However, reducing the liability (or target) to a stream of present values (savings amounts) at the real riskless rate is the right way to plan to have a certain amount available in the future without risk. The real riskless rate is the only rate that can be locked in, at least in theory but pretty close in reality (there are practical limitations), conceptually guaranteeing that our saver could meet her target at the time of retirement.

We don't want to commit the common actuarial mistake of discounting this debt-like future value at the expected return on the assets, as that is poor practice, really just a sub rosa way to reshape the payment stream as we are otherwise doing explicitly using growing annuities. This doesn't mean that our saver shouldn't consider investing in equities and other risky assets in place of some or all of her riskless TIPS portfolio -- by all means she should. Our saver will try to earn a higher return so that she needs to save less in the future if returns above the riskless rate are in fact realized. But it does mean that she shouldn't use the expected return on her risky portfolio to discount her target.

Here's the deal, for how one takes into account the hopeful higher returns from a higher risk investment strategy: Wait for the eggs to hatch! She cannot decide to save less, based on those expected returns, until a given year's return has been realized, not merely expected. Don't put it into the discount rate as an expected return, put it into the portfolio's value to reduce the savings rate when (and if!) the high expected returns are in fact realized. To do otherwise, to lower the planned savings amounts by assuming the higher capital market expected return in advance of earning it as a realized return, is to count one's chickens before they are hatched -- a practice that torpedoed many of the pension plans that are now making headlines for being woefully underfunded.10 We do not want that to happen to our saver.
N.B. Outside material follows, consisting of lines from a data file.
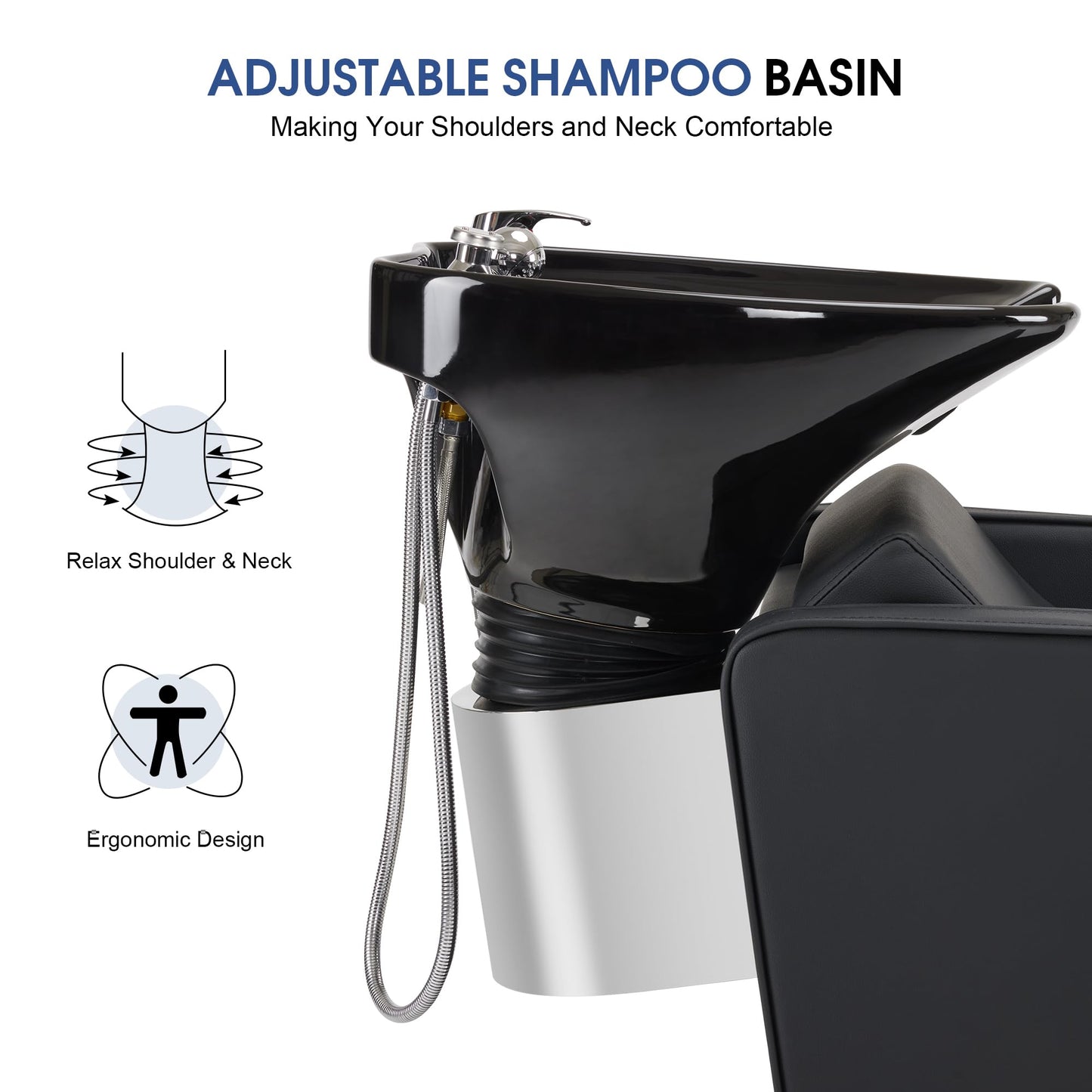 White Smoke BarberPub Backwash Shampoo Station Chair, Adjustable Porcelain Ceramic Hair Wash Bowl Sink Unit Station, Reclining Shampoo Station Chair for Spa Beauty Salon Hair Salon Equipment 9303 (Black)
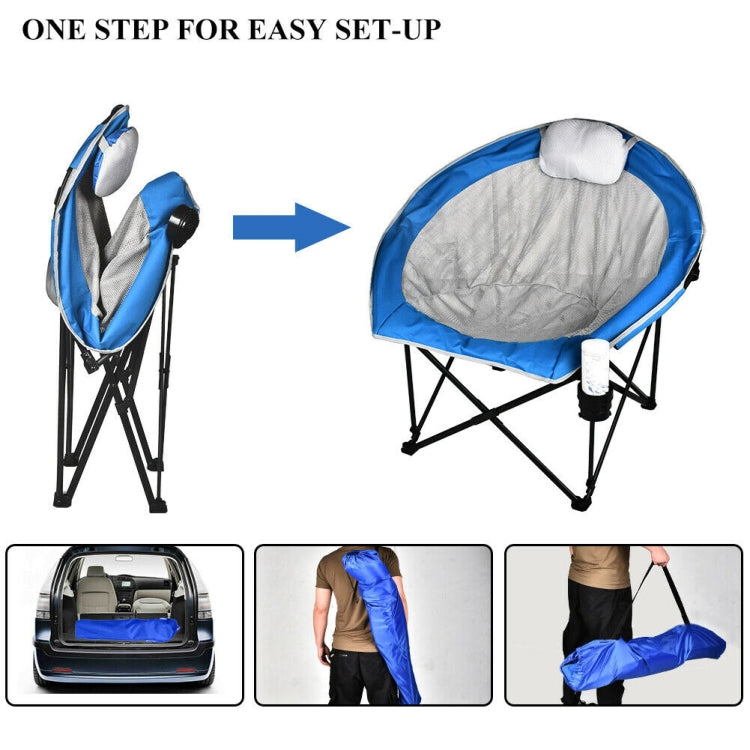 [US Warehouse] 600D PVC Folding Camping Chairs with Pillow, Size: 100x83x92cm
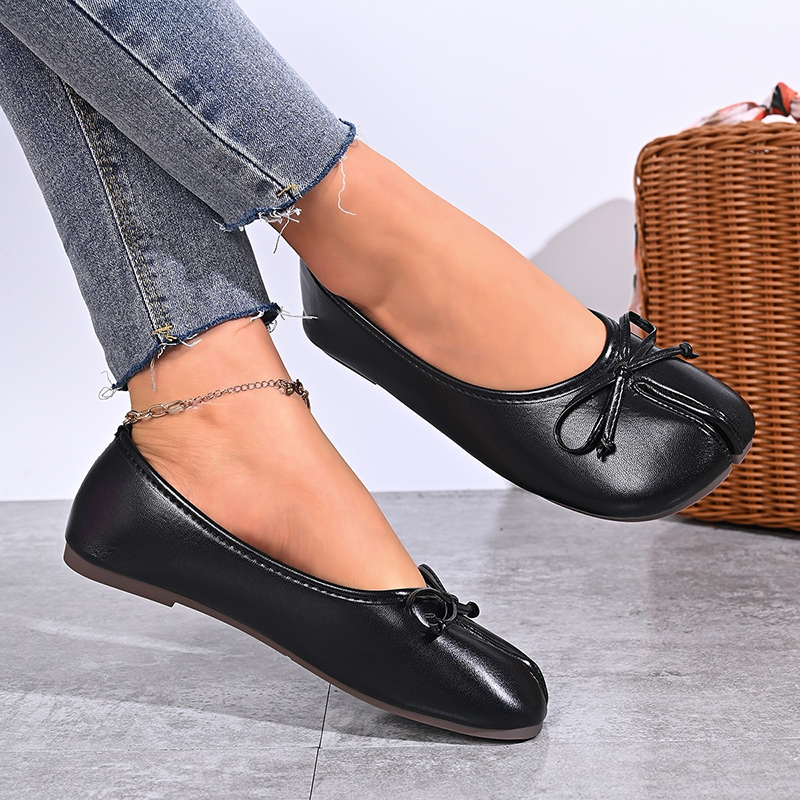 Women's Split-Toe Ballet Flats with Bow Detail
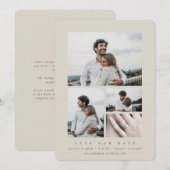 Elegantes minimales Multi-Foto Save The Date (Vorne/Hinten)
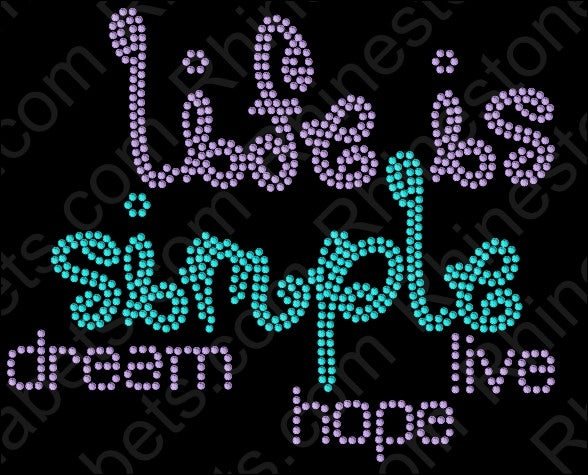 Life is Simple all ,TTF Rhinestone Fonts & Rhinestone Designs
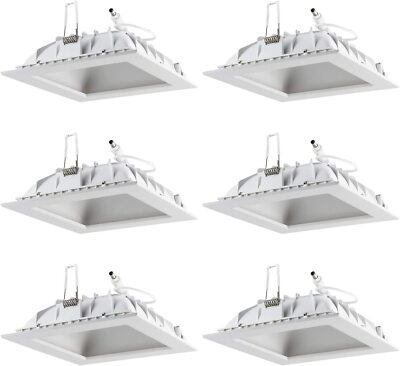 Sunlite -SU LED 6-Inch Square Indirect Slim Downlight 12 Watts Dimmable, 6-Pack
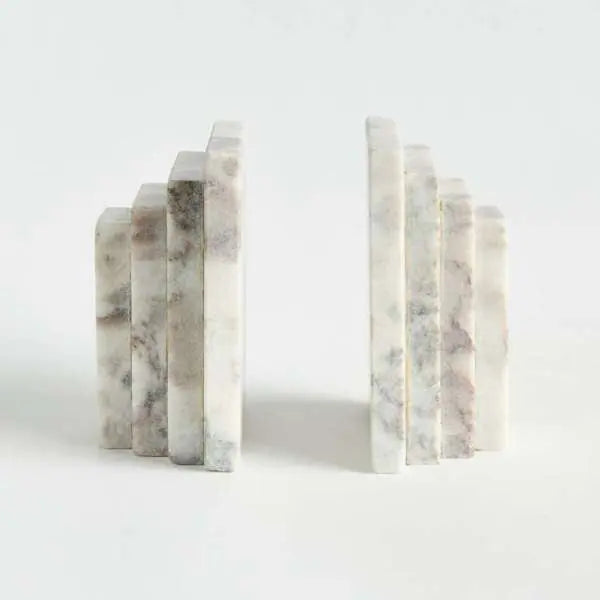 Jaqueline Natural Stone Bookends Set of 2 | Brown Veined Marble Bookends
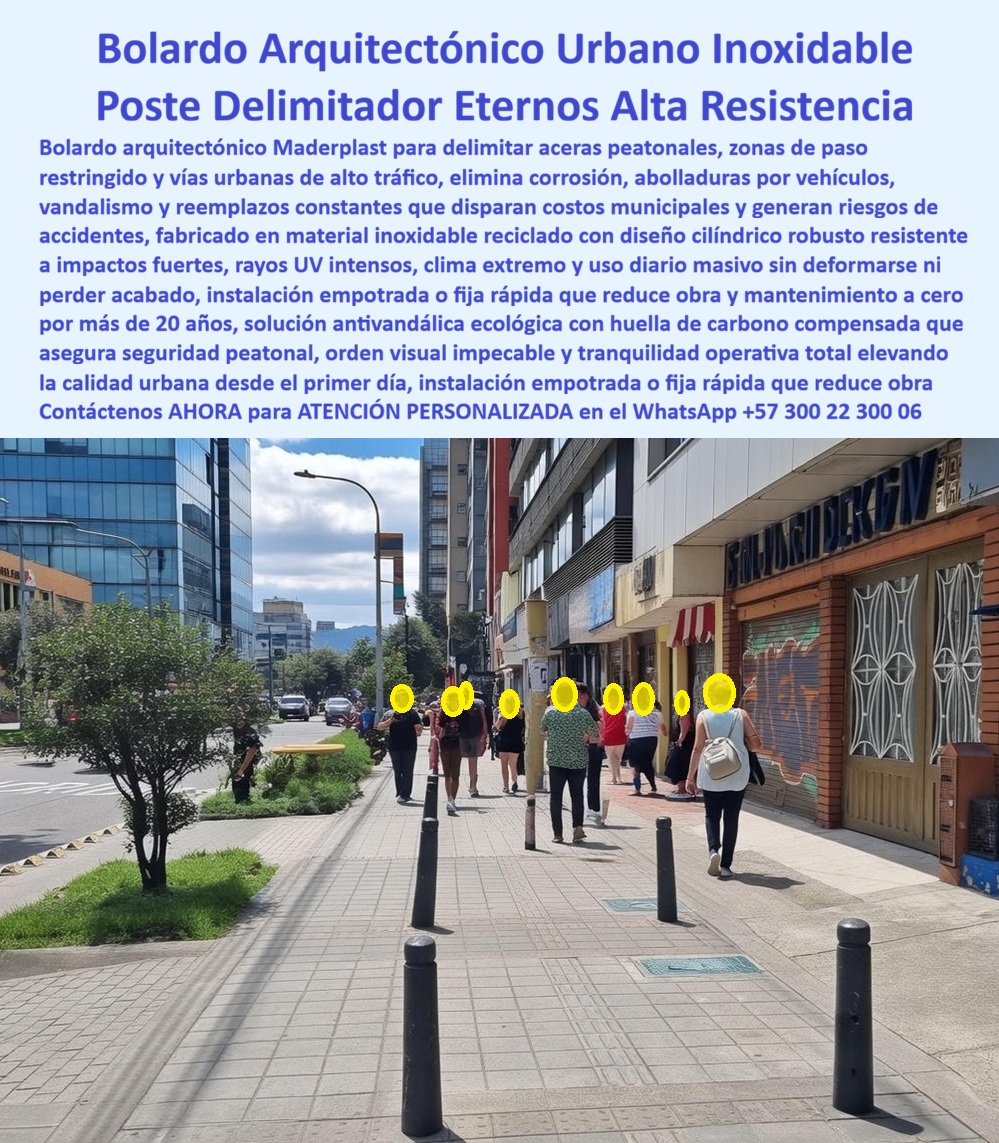 Bolardo arquitectónico urbano Poste Delimitador Antivandalismo Maderplast 0 hito Bolardo peatonal seguridad Bolardo Seguridad Peatonal Resiste Impactos Vehículos Alta Durabilidad Mojón Tráfico Cilíndrico Negro Bolardo Arquitectónico y Poste Delimitador Antivandalismo de Alta Resistencia Maderplast hitos sólidos de ingeniería plástica Defensa Urbana Inquebrantable: Al observar la alineación impecable que proyecta la imagen, visualizamos mucho más que simples elementos de señalización; estamos ante una línea de defensa urbana inquebrantable materializada en los Bolardos Arquitectónicos Maderplast. Estos postes cilíndricos robustos, de un negro mate sobrio y elegante, redefine la seguridad en las aceras de alto tráfico. A diferencia de los tubos metálicos convencionales que se abollan, se oxidan y pierden su verticalidad a la semana de instalados, estos hitos sólidos de ingeniería plástica actúan como barreras físicas reales y contundentes contra vehículos invasores. Protegen la integridad del peatón sin sufrir deformaciones permanentes por impactos ni la inevitable corrosión causada por la orina de mascotas o la lluvia ácida. Su diseño funcional ordena el espacio público, garantizando una estética impecable que no requiere pintura ni enderezamiento, ofreciendo una vida útil superior a 20 años bajo el sol más intenso y el uso más agresivo. Es, sin duda, la inversión municipal inteligente que rompe el ciclo eterno de reparaciones del mobiliario urbano.  Para los Secretarios de Infraestructura y planificadores urbanos que enfrentan la patología crónica de la invasión del espacio público, la pregunta crítica es qué bolardos para aceras soportan golpes de carros sin doblarse ni oxidarse. La respuesta técnica y financiera es el bolardo peatonal de seguridad Maderplast. Gracias a su composición de polímeros de ingeniería macizos, posee una memoria elástica que absorbe la energía del impacto sin deformación permanente, siendo 100% inmune al óxido. Cuando el objetivo es encontrar postes delimitadores antivandálicos para evitar parqueo en andenes, los hitos urbanos Maderplast se posicionan como la única solución viable: son imposibles de robar por los recicladores informales, ya que el material no tiene valor de reventa como chatarra, y su sistema de anclaje profundo garantiza una seguridad total. Además, al analizar cuál es el costo de mantenimiento de bolardos plásticos frente a metálicos o concreto, la ecuación es simple: el bolardo Maderplast reduce el Costo Operativo (OPEX) a cero absoluto, eliminando gastos de pintura y soldadura, lo que representa un ahorro de hasta un 300% frente al metal en un horizonte de cinco años.  La implementación de este Mojón Tráfico Cilíndrico Negro responde a las especificaciones técnicas más exigentes para licitaciones públicas. Al especificar bolardos de seguridad para andenes y aceras fabricados en material reciclado industrial, se garantiza el cumplimiento de normas de resistencia al impacto, estabilidad UV y tolerancia a la salinidad, sumando puntos valiosos por sostenibilidad. Somos la solución definitiva para protección peatonal en esquinas peligrosas e intersecciones críticas. Instale mojones de tráfico que ofrecen una barrera visual y física contundente, protegiendo la vida del ciudadano sin convertirse en metralla peligrosa o elementos cortantes en caso de colisión vehicular. En la comparativa de vida útil de mobiliario urbano entre acero inoxidable y plástico de ingeniería, Maderplast supera al acero en el entorno urbano real, pues no se mancha, no se abolla y mantiene su integridad estructural por décadas sin intervención humana.  En Maderplast, entendemos que la ciudad no espera. Activamos los disparadores de compra necesarios para agilizar su gestión: solicite ahora mismo cotización, personalización de dimensiones, planos de instalación para anclaje fijo o empotrado, y producción en serie. Como fabricantes nacionales, convertimos la necesidad de orden en piezas reales. Ya sea que requiera postes delimitadores de tráfico vehicular, mojones de plástico reciclado macizo o mobiliario urbano antivandálico para municipios, tenemos la capacidad de respuesta inmediata. Nuestras barreras de protección peatonal duraderas y hechos viales que no necesitan pintura son el estándar para la infraestructura vial sostenible y ecológica. Ofrecemos delimitadores de espacio público certificados y bolardos fijos de fácil instalación que actúan como protección de esquinas y zonas escolares, consolidándose como el mobiliario vial de bajo costo operativo y la solución definitiva a la invasión de andenes. Recuerde nuestro lema de ingeniería: en plástico podemos fabricar lo que su imaginación requiera para ordenar la ciudad.  EL TESTIMONIO PROFESIONAL DE UN CASO DE ÉXITO: " LO CONFIRMA DESDE LA OBRA REAL. La Arquitecta Claudia Mendieta, Secretaria de Infraestructura y Movilidad de una Alcaldía Municipal en ciudad intermedia, narra cómo recuperaron el espacio público y dejaron de desperdiciar recursos en hierros retorcidos: "El centro de la ciudad era un caos absoluto. Los vehículos invaden los andenes recién remodelados, destruyendo el pavimento y arriesgando al peatón. Inicialmente instalamos bolardos metálicos, y fue un error costoso: a la semana estaban abollados, oxidados y muchos robados para chatarra. Mi cuadrilla operativa perdía el tiempo soldando tubos. Al cambiar la especificación técnica a los Bolardos Arquitectónicos Urbanos Maderplast, la transformación fue total. La instalación fue rápida y limpia. Llevamos dos años y el resultado es cero robos y cero óxido. Hemos visto videos de carros golpeándose al parquear y el bolardo aguanta el impacto sin deformarse. Recuperamos 5 kilómetros de andenes para la gente y liberamos el presupuesto de mantenimiento. Maderplast nos dio la única solución que funciona en la calle: dura, sin valor para el ladrón y eterna para el municipio."  Para efectuar El Argumento es Técnico y contundente. y disipar cualquier duda al firmar la orden de compra, abordemos la responsabilidad legal y fiscal del ingeniero. Al elegir el Bolardo Seguridad Peatonal Resiste Impactos Vehículos de Alta Durabilidad Maderplast, usted está blindando su gestión. No está comprando un tubo hueco que colapsará al primer impacto; está adquiriendo un elemento macizo de ingeniería. Usted elimina el riesgo de demandas por accidentes causados por mobiliario urbano en mal estado o con aristas cortantes oxidadas. La garantía de Alta Durabilidad asegura que no habrá detrimento patrimonial por reemplazos prematuros. Cumplimos con la normativa técnica que exige materiales inertes y seguros para la vía pública. Si necesita fichas técnicas de resistencia, planos de detalle constructivo o certificaciones de material para adjuntar a los pliegos y respaldar su firma, nuestro departamento de ingeniería se los suministrará de inmediato.  Asegure el orden y la seguridad de su ciudad con la única barrera que el tiempo y el vandalismo no pueden vencer. Contáctenos AHORA para recibir ATENCIÓN PERSONALIZADA, planes y cotización en el WhatsApp +57 300 22 300 06.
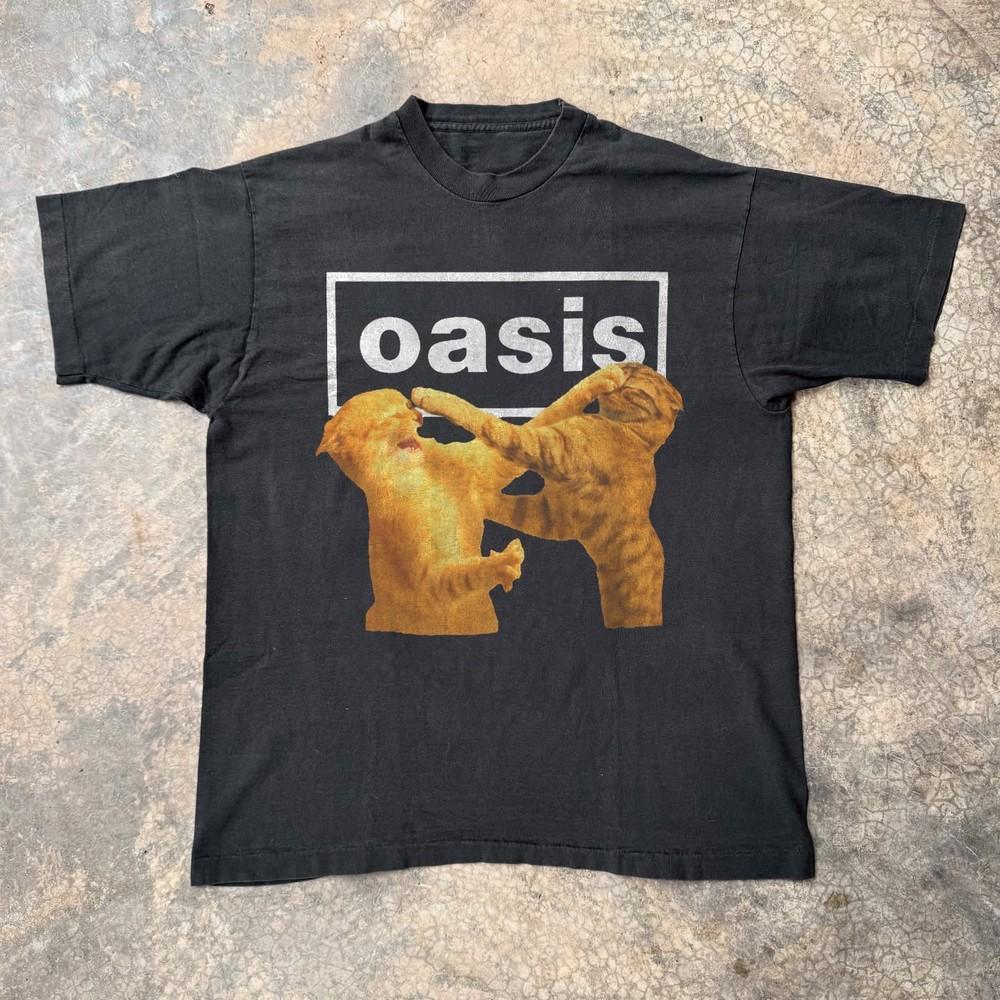 Rare Oasis Cats Fight T-shirt, Unisex Black Cotton T-shirt, Size S-5XL Unisex T-Shirt S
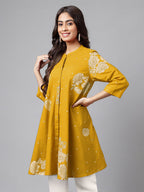 Janasya Bright Cotton Floral Flared Tunic - Distacart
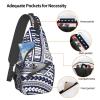 WURTON Blue Polynesian Maori Tribal Pattern Sling Backpack, Multipurpose Travel Hiking Daypack Rope Crossbody Shoulder Bag view 4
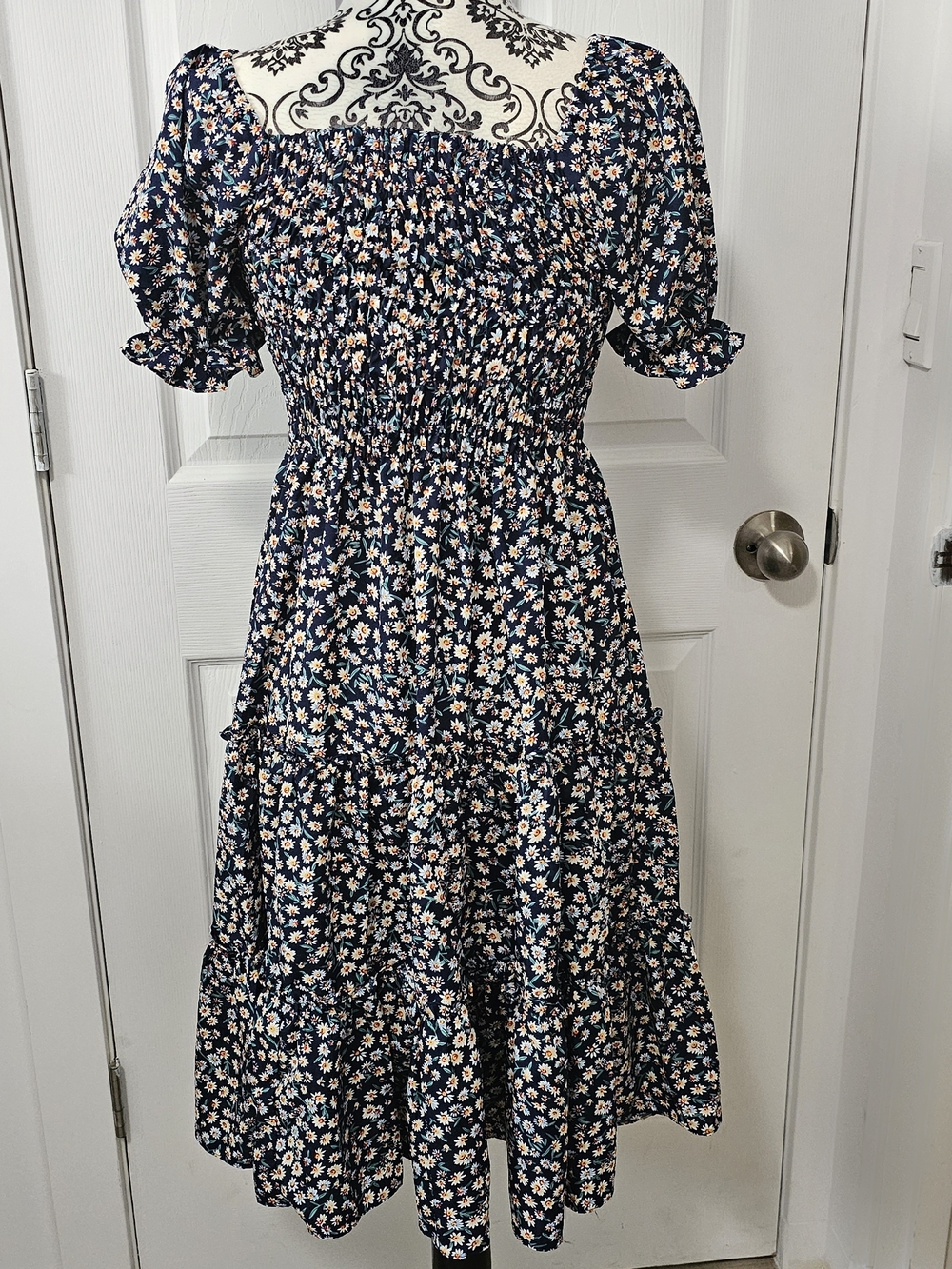 Navy Floral Smocked Midi Dress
9 Ideally it would be the present-value weighted average of the ladder of real yields available from inflation protected bonds, taken year-by-year until time of retirement. Such numbers are unavailable as a practical matter, as real instruments beyond 30 years do not exist. No huge harm is done by our approximation, particularly when updated each period.

10 A large and contentious literature discusses the appropriate capital market assumptions or discount rates for defined-benefit (DB) pension plans, with actuaries arguing for high discount rates based on expected returns and some actuaries and nearly all economists arguing for use of the long-term risk-free rate. See Waring's discussion [2011, chapters 1-6]. We believe that, if riskless discount rates matched to the liability had been used by DB pension sponsors, they would be financially healthy today and would be providing benefits that would avoid the need for most individuals to do their own retirement saving and investing (or to read this paper!).